**Problem requirements:**
Word for word, output the data, with none of its pictures.

**Data excerpt:**
──────────
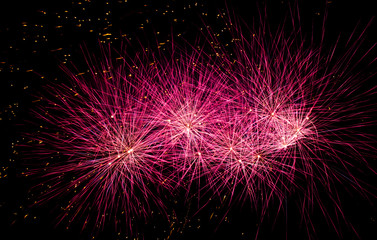 Fototapeta premium Pink fireworks on black background at international competition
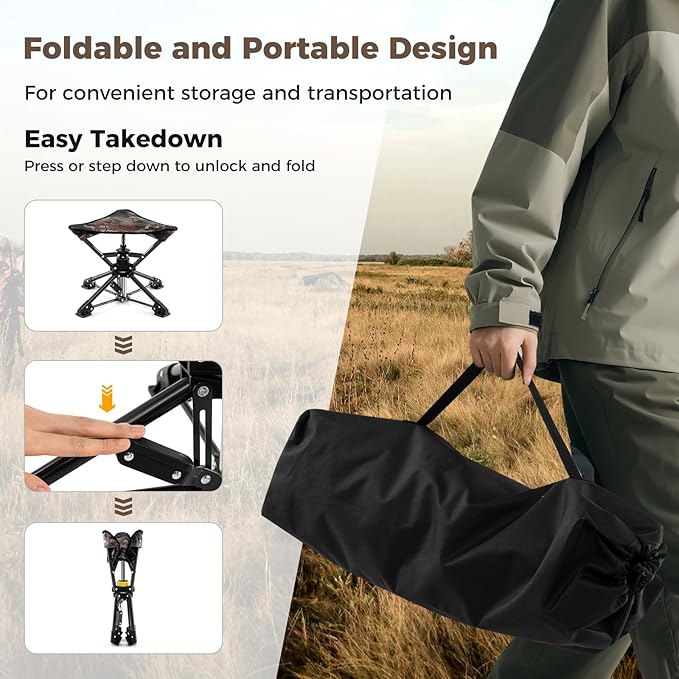 GYMAX 2 Pack 360° Swivel Camping Stool, Portable Folding Stool Seat with Carry Bag, Collapsible & Lightweight for Outdoor Fishing Backpacking Hunting Hiking Travel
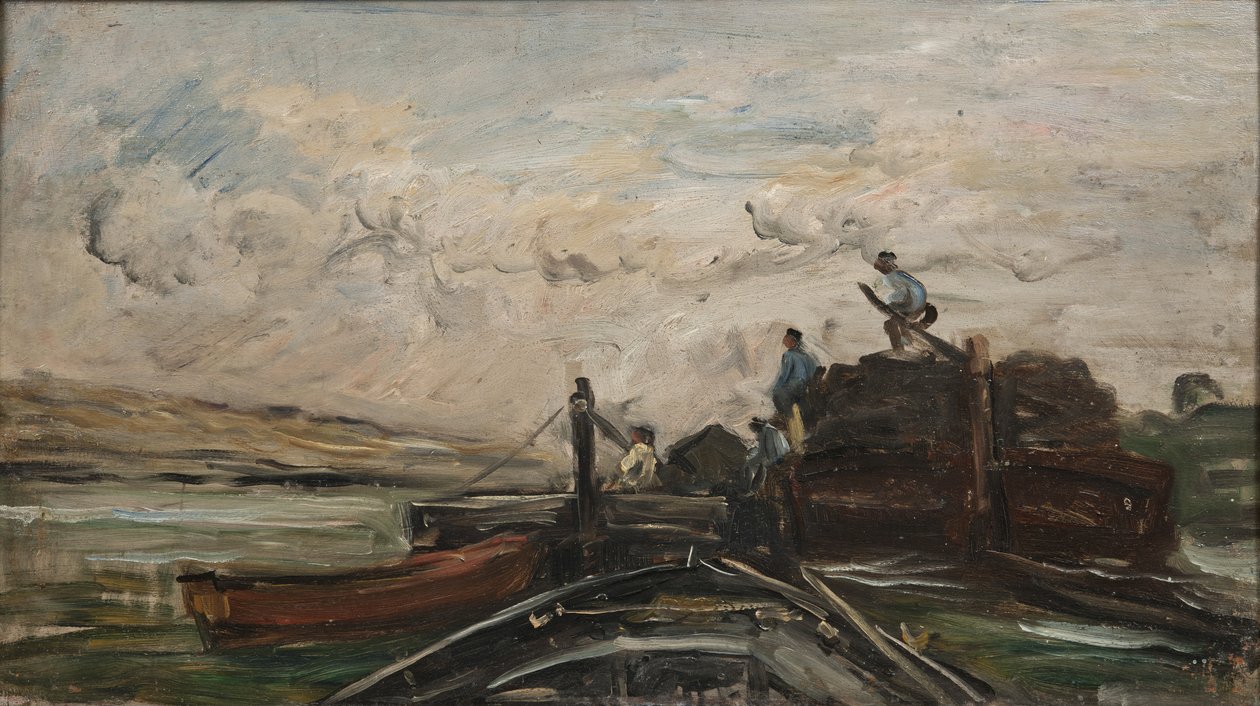 Barges on a River, c.1865 od Charles Francois Daubigny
──────────
**Answer for the task:**
 Fototapeta premium Pink fireworks on black background at international competition
 GYMAX 2 Pack 360° Swivel Camping Stool, Portable Folding Stool Seat with Carry Bag, Collapsible & Lightweight for Outdoor Fishing Backpacking Hunting Hiking Travel
 Barges on a River, c.1865 od Charles Francois Daubigny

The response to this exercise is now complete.